A la recherche de « communs », première rencontre des Tiers-Lieux en Grand-Est à Bliiida

Le 17 juin 2021, les représentants de 29 Tiers-Lieux se sont rencontrés pour la première fois à Metz. La soixantaine de participants a été accueillie par Bliiida pour une journée d’échanges, d’ateliers, de discussions afin de donner corps à ce réseau en construction.

Mais, au fait, c’est quoi un Tiers-Lieu ? Réponse en vidéo, par celles et ceux qui font et animent ces structures innovantes :

Une journée pour apprendre à se connaitre et s’organiser

Si tout le monde sourit sur la photo de groupe, c’est parce que tous ont fait des rencontres intéressantes, chacun a pu s’exprimer et surtout parce que le réseau prend forme.

Le matin, les Tiers-Lieux en activité, ceux en devenir, ainsi que différents partenaires ont assisté à une série de présentations. Puis des groupes de travail se sont auto-constitués autour de différents thèmes : Culture, Médiation Numérique, Mesures d’impact social et transformation sociale, Développement économique territorialFablabs/hackerspaces et un atelier écologie qui a été constitué sur place. Chaque groupe a ensuite présenté ses travaux par le biais d’un rapporteur volontaire.

La pause méridienne, a été pour les participants l’occasion de se restaurer autour d’un déjeuner préparé par l’Amour Food. L’occasion surtout de faire connaissance de manière plus personnelle. Car, si un réseau de structures doit se constituer, cette journée reste une rencontre entre différentes personnes qui apprennent à se connaître et tissent des liens.

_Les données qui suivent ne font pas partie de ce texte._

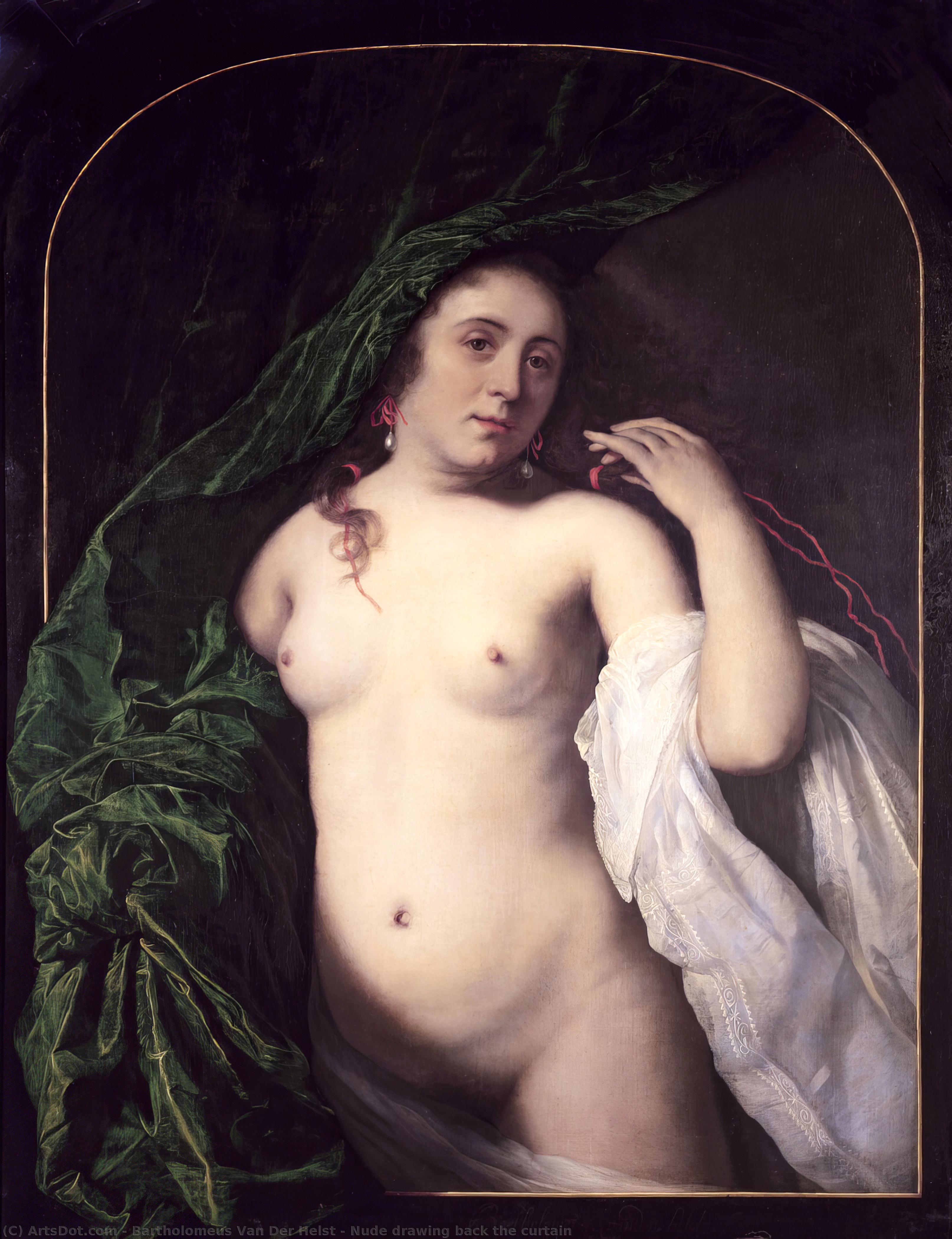 Nude Drawing Back The Curtain — Bartholomeus Van Der Helst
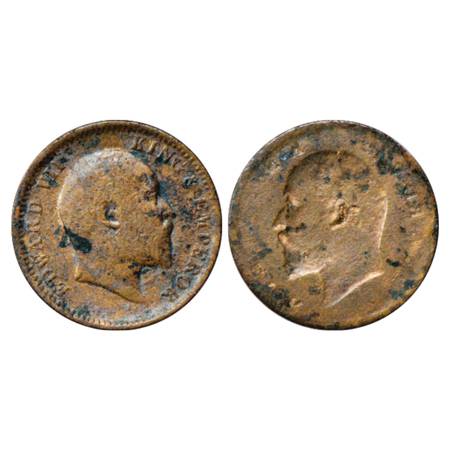 Edward VII, Copper ¼ Anna, Lakhi (Brockage). Some part rough on both sides, Very Fine, Ver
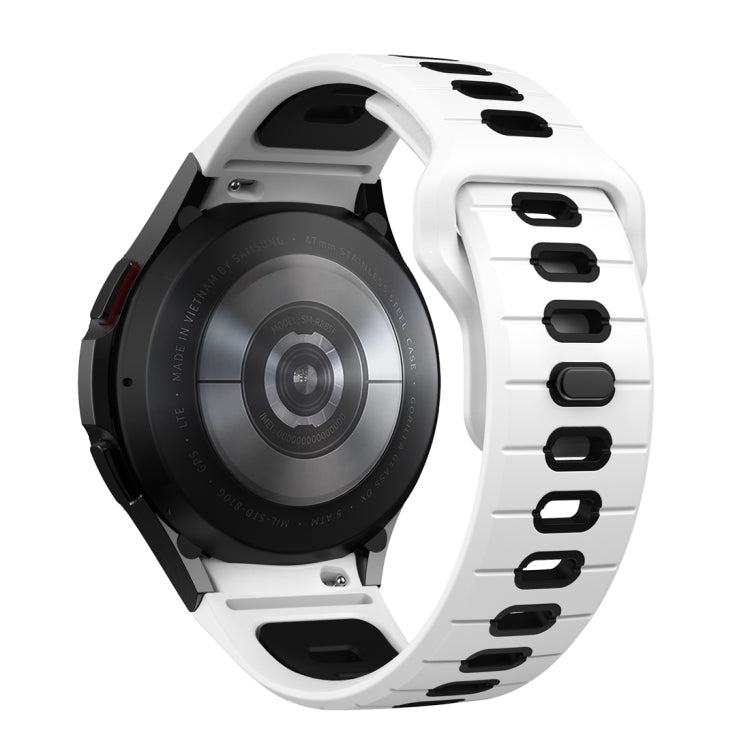 Two Color Stripes Reverse Buckle Silicone Watch Band, For Samsung Galaxy Watch 7 / 6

L’après midi, les représentants de Tiers-Lieux en activité ont découvert « La compagnie des Tiers-Lieux » qui s’est présentée en visio. Puis, un temps « d’interconnaissance », où chacun pouvait parler de sa structure et de sa vision a suivi. Cette séquence d’une heure, précédait « le temps fort » de la journée. Une nouvelle fois, les participants ont constitué des groupes afin de travailler sur la structure du réseau. Un point ardu dans le sens où le but de cette séquence vise à institutionnaliser ce projet, sans perdre son autonomie, sa capacité à agir et sans le scléroser par des lourdeurs de fonctionnement. Pour conclure la rencontre, chaque groupe à soumis ses propositions au vote. Si tout n’a pas pu être décidé en une journée, une synergie indéniable s’est crée.

Des services, des champs de compétence différents, mais un ADN commun

Comme expliqué un peu plus haut, la difficulté d’une mise en réseau de structures aussi variées, réside dans le fait de pouvoir garder son indépendance et sa liberté d’action. Mais, si les publics visés, les milieux, (du rural au QPV) sont différents, les valeurs et les envies sont belles et bien communes. Un terme a résonné comme un leitmotiv durant cette journée : « les communs ». En effet, tous les représentants des Tiers-Lieux que nous avons interrogé mettent en exergue la création ou la réparation du lien social. Que ce soit à la campagne, en travaillant sur l’inclusion numérique, ou dans les quartiers populaires, en faisant participer les habitants à un média, ou en les faisant interroger leur environnement et améliorer leur cadre de vie ; que ce soit une pépinière d’entreprise ou un fablab, l’essence même de ces Tiers-Lieux est de faire se rencontrer les gens, de les faire participer à des projets et de favoriser des rencontres qui ne pourraient se produire ailleurs.

Le réseau des Tiers-Lieux en Grand-est est lancé. Son avenir se dessine peu à peu et sous une bonne augure. La prochaine rencontre est prévue en septembre à Reims.